The film takes its title from the Defence of the Realm Act 1914, passed in the United Kingdom at the start of the First World War, which gave the government wide-ranging powers during the war.
It was shot at Shepperton Studios and on location in London and Duxford in Cambridgeshire. The film's sets were designed by the art director Roger Murray-Leach. The film was distributed in the United Kingdom by the Rank Organisation, one of the last films to be released by the company.
The plot mirrors the real-life British spy scandal known as the Profumo affair.
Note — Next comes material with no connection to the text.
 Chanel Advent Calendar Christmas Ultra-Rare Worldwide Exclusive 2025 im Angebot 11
On a foggy night a car containing two men is pursued by police. The radio is discussing the country being on high alert due to a terrorist attack in Ankara. Going down a dead end road and forced to stop, (Steven) escapes over a high barbed-wire fence, but the other one is caught.
Dennis Markham (Ian Bannen), a prominent Member of Parliament is reported by a London paper to have been seen leaving a woman's home on the same evening as she is visited by a military attaché from East Germany. Is he a KGB agent? Markham's loyalty to his country is questioned. The media men debate whether or not to print the story.
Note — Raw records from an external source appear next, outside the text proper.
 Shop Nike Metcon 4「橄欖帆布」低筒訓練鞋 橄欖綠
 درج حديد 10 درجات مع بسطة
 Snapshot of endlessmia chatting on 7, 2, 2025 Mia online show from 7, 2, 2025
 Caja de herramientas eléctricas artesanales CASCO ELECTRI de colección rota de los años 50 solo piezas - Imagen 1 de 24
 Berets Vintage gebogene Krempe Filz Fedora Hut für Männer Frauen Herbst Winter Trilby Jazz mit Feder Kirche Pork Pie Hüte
Vernon Bayliss (Denholm Elliott), Nick Mullen (Gabriel Byrne) and Jack Macleod (Bill Paterson) all work together for the Daily Despatch. Bayliss is sent for a private meeting with Markham and explains the link to the German agent (which Markham is unaware of). Meanwhile, Mullen interviews Nina Beckman (Greta Scacchi), Markham's secretary, and then speaks to Markham's wife while, initially, pretending to be a policeman.
The story, written by Mullen, breaks as the "Markham Affair" on television and throughout the newspapers.
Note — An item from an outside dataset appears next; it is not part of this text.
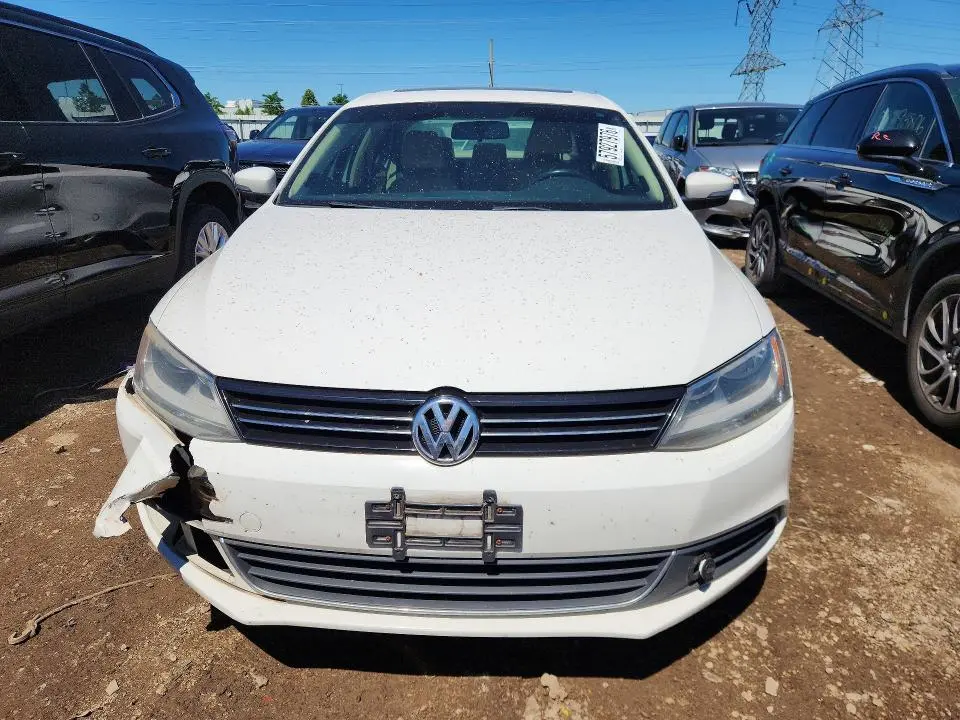 2013 VOLKSWAGEN JETTA TDI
Markham is hounded by the media and forced to resign.
Mullen continues his work alongside Bayliss, who suspects that Markham was framed. When Bayliss dies from a supposed heart attack the same night as Bayliss's flat is ransacked by someone who was not after money or valuables, Mullen suspects something deeper at work. He breaks into Bayliss's desk and finds press-cuttings and a tape which insinuates a different motive behind the attack on Markham.
Mullen visits the young man in prison (caught by police at the start of the film) telling him that his accomplice is dead. This leads him to go to the site where the film began; a high security, but seemingly unmanned military base actually run by the USAF near the village of Brandon. Mullen realizes that the USAF presence in the UK involves a nuclear weapon capability and Markham seems linked to aims to rid the UK of such things. This may have been the motive to start a mudslinging campaign.
With the help of Nina Beckman, Mullen continues to investigate the affair, despite a break-in at his flat, surveillance and other attempts to stop him.
When he goes to publish the story, his editor calls him in to say it is a great story but they cannot publish due to the Official Secrets Act. Moreover, the newspaper owner, Kingsbrook (a character akin to Lord Beaverbrook) has personally intervened to make sure it isn't published. But how did he know it existed?
Mullen discovers the "KGB agent" was actually a British agent, so asks the editor where they got the source that said he was KGB. He gives up the name Anthony Clegg (Oliver Ford Davies). But when he confronts Clegg in a gentleman's club, he is grabbed by two henchmen and driven to an office for questioning by senior officials. Without explanation, then is escorted, then left alone outside the industrial building. He returns to his ransacked flat. Nina arrives at the door but as she steps inside, a bomb goes off, likely killing them both.
However, she had already posted the incriminating evidence to Germany and the story of the near-nuclear-disaster spreads across the globe through the European press.
Halliwell's Film Guide described it as an "efficient political melodrama, basically too old-fashioned to start a cult".[2] Denholm Elliott's performance has been singled out for particular praise. Roger Ebert wrote, "The acting is strong throughout, but Elliott is especially effective. What is it about this actor, who has been in so many different kinds of movies and seems to make each role special? Here he is needed to suggest integrity and scruples, and does it almost simply by the way he looks... Defence of the Realm ends on a bleak and cynical note – unless you count the somewhat contrived epilogue – and gets there with intelligence and a sharp, bitter edge."[3] Radio Times gave the film four stars out of five, writing, "The role of the sozzled veteran reporter who for once finds himself involved in a meaningful story is brought wonderfully to life by Denholm Elliott... Gabriel Byrne, as Elliott's ambitious young colleague, is less effective, but the film has plenty of tension and co-star Greta Scacchi proves a worthy accomplice."[4]